Valuation

# Projecting Earnings Again

Let’s consider a hypothetical situation: where the Earnings Growth Rate is fixed, and unaffected by ROIC/ROE/etc. This follows on from the train of thought that ROIC/ROE/etc. are not the determinants, but rather it is fueled by sales growth and the free cash flow margin. You can see this from this spreadsheet here: ROIC vs Earnings Growth Rate Spreadsheet

Case 1: No dividends, earnings growth rate = 10%

When ROX = new earnings / (base + earnings) = 10%,

new ROX
= new new earnings / (base + earnings + new earnings)
= new earnings * 1.1 / (base + earnings + new earnings)
= (new earnings + new earnings * 0.1) / (base + earnings + new earnings)
= (0.1 * (base + earnings) + new earnings * 0.1) / (base + earnings + new earnings)
= 0.1
= earnings growth rate

=> ROX stabilises at the earnings growth rate

Case 2: With dividends, earnings growth rate = 10%

Let the stabilising ROX = XXX

When new earnings / (base + 0.8*earnings) = XXX,

new ROX
= new new earnings / (base + 0.8*earnings + 0.8*new earnings)
= new earnings * 1.1 / (base + 0.8*earnings + 0.8*new earnings)
= (XXX * (base + 0.8*earnings) * 1.1) / (base + 0.8*earnings + 0.8*new earnings)

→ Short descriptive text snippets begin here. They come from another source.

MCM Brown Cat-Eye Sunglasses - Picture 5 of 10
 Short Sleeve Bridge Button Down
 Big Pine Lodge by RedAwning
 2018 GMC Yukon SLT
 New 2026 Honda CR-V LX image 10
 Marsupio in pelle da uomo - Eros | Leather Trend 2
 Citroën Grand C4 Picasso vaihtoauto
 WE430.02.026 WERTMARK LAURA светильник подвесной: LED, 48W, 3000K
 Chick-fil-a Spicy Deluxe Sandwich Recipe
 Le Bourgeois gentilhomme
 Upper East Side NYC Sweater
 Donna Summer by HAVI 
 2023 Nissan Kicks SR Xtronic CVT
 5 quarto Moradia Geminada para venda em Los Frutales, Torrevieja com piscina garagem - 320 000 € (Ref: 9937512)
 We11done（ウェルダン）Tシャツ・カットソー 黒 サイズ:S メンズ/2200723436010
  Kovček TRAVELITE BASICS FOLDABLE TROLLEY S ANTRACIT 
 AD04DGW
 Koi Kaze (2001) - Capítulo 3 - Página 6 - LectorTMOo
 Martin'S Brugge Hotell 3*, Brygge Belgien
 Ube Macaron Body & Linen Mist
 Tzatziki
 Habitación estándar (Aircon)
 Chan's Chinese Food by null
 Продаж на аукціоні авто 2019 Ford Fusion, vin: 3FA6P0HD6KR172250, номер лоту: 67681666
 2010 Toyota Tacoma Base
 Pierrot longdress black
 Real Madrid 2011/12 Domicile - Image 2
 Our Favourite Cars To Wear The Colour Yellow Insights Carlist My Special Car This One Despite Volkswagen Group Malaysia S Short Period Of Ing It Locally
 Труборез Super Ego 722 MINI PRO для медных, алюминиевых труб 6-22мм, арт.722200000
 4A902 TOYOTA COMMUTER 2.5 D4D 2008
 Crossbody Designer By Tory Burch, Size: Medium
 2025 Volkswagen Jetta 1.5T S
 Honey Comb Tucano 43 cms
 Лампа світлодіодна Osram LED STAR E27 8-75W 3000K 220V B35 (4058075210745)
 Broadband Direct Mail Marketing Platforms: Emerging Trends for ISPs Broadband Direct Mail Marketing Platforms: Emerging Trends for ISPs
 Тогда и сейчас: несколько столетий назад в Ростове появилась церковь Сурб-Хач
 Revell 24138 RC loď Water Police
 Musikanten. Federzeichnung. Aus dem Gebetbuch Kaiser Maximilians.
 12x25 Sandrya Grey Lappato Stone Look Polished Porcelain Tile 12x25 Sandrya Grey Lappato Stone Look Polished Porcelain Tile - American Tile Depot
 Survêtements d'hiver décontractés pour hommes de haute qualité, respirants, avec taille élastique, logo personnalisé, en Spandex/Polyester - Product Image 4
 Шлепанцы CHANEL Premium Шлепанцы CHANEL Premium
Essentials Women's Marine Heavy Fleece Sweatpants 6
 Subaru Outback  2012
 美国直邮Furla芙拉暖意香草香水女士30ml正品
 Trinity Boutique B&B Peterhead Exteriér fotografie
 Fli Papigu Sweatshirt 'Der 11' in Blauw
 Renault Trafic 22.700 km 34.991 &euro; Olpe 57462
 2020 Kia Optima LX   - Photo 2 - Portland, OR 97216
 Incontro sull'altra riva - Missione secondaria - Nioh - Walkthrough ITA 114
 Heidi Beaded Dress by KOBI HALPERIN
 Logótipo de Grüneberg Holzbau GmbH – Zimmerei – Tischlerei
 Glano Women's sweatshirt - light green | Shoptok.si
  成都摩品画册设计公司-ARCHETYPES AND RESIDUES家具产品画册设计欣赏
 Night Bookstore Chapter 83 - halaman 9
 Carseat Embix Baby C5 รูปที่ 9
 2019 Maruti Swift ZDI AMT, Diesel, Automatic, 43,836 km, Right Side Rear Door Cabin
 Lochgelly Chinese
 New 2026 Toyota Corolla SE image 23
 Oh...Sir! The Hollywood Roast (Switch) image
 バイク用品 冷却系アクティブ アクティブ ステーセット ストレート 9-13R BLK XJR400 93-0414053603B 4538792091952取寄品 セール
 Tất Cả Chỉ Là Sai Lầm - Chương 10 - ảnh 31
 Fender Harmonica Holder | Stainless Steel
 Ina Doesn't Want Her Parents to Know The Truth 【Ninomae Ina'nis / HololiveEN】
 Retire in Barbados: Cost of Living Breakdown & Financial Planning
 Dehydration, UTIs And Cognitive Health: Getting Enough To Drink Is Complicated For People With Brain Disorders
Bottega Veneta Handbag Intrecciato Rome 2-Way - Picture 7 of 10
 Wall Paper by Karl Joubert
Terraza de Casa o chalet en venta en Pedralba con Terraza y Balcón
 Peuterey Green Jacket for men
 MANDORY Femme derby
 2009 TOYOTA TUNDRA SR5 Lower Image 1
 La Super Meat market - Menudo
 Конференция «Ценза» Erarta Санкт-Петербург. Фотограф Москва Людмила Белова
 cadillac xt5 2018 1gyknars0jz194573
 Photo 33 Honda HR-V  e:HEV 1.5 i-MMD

To be stabilising, we must have,
new ROX = XXX
=> (XXX * (base + 0.8*earnings) * 1.1) / (base + 0.8*earnings + 0.8*new earnings) = XXX
=> (base + 0.8*earnings) * 1.1 / (base + 0.8*earnings + 0.8*new earnings) = 1
=> (base + 0.8*earnings) * 1.1 = base + 0.8*earnings + 0.8*new earnings
=> (base + 0.8*earnings) * 1.1 = base + 0.8*earnings + 0.8*XXX*(base+0.8*earnings)
=> (base + 0.8*earnings) * 1.1 = (1 + 0.8*XXX) * (base+0.8*earnings)
=> 1.1 = 1+0.8*XXX
=> 0.1 = 0.8*XXX
=> XXX = 0.1/0.8 = 12.5%
=> XXX = Earnings Growth Rate / (1-Payout Ratio)

=> If the Earnings Growth Rate is the fixed determinant, then the ROX will defined by the Earnings Growth Rate (i.e. Earnings Growth Rate / (1-Payout Ratio))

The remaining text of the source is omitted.